The Great Bavette Steak Hunt

Image: Tim Kamerer
In her new book Raising Steaks: The Life and Times of American Beef, food historian Betty Fussell writes, “Steak is not a dish but a geography—a country, or at least a county … with gravy lakes and fat townships and a bone fence.” Steak even has its own map of sorts—that classic butcher’s diagram of a cow that shows where our ribs, flank, or roast are cut from. But borders have a way of changing, and recently a new region rarely depicted on America’s meat map has shown up in kitchens across Portland: the bavette steak.
“We’ve been butchering the same animal for hundreds of years,” says Miles Wilcox, the sales manager at Columbia Empire Meats, one of the only distributors of bavette steaks in town. “But chefs are constantly asking, ‘What do you have that’s new?’ Well, there really isn’t anything new, there’s just a new way to cut it or present it. Flatiron steaks were a rarity a few years ago, and that’s where the bavette steak is now.”

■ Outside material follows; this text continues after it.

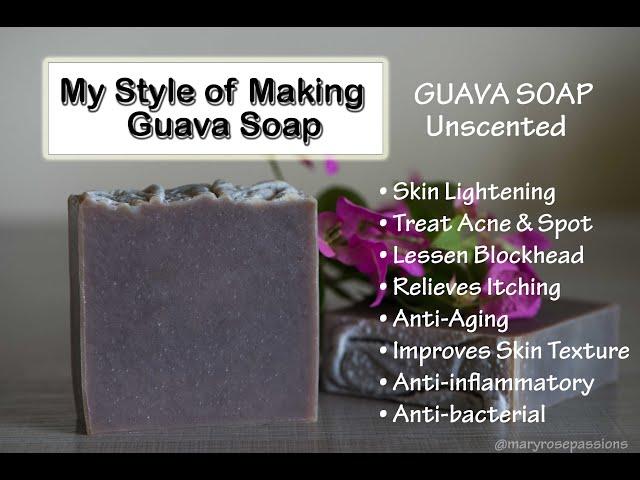 My Style of Making Guava Soap | Cold Process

My introduction to the bavette came at Belly Timber, in Southeast Portland. When I inquired about the bavette steak on the menu, my waiter said, “It’s a popular French cut of meat, kind of like a hanger steak.”
Since I’ve always championed unsung, cheaper steaks like the hanger, the culotte, and the deckle—these being less tender than a rib eye or a porterhouse, but much more flavorful—I was elated to discover an underdog cut that I hadn’t heard of.
“Does it come from the same part of the animal?” I asked.
“Generally speaking,” he answered. He wasn’t much more specific than that.
I found the bavette’s intense flavor somewhat appealing, but it was also tough and chewy.
A few weeks later, I encountered the cut again, this time at Urban Farmer, the Vegas-style steak house on the eighth floor of the Nines hotel downtown. It was the cheapest steak on the menu—albeit at $35—and my waitress told me it’s also known by the rather unfortunate name “flap meat.” The bavette they served came from a ranch that raises Wagyu beef, a sought-after and expensive breed from Japan.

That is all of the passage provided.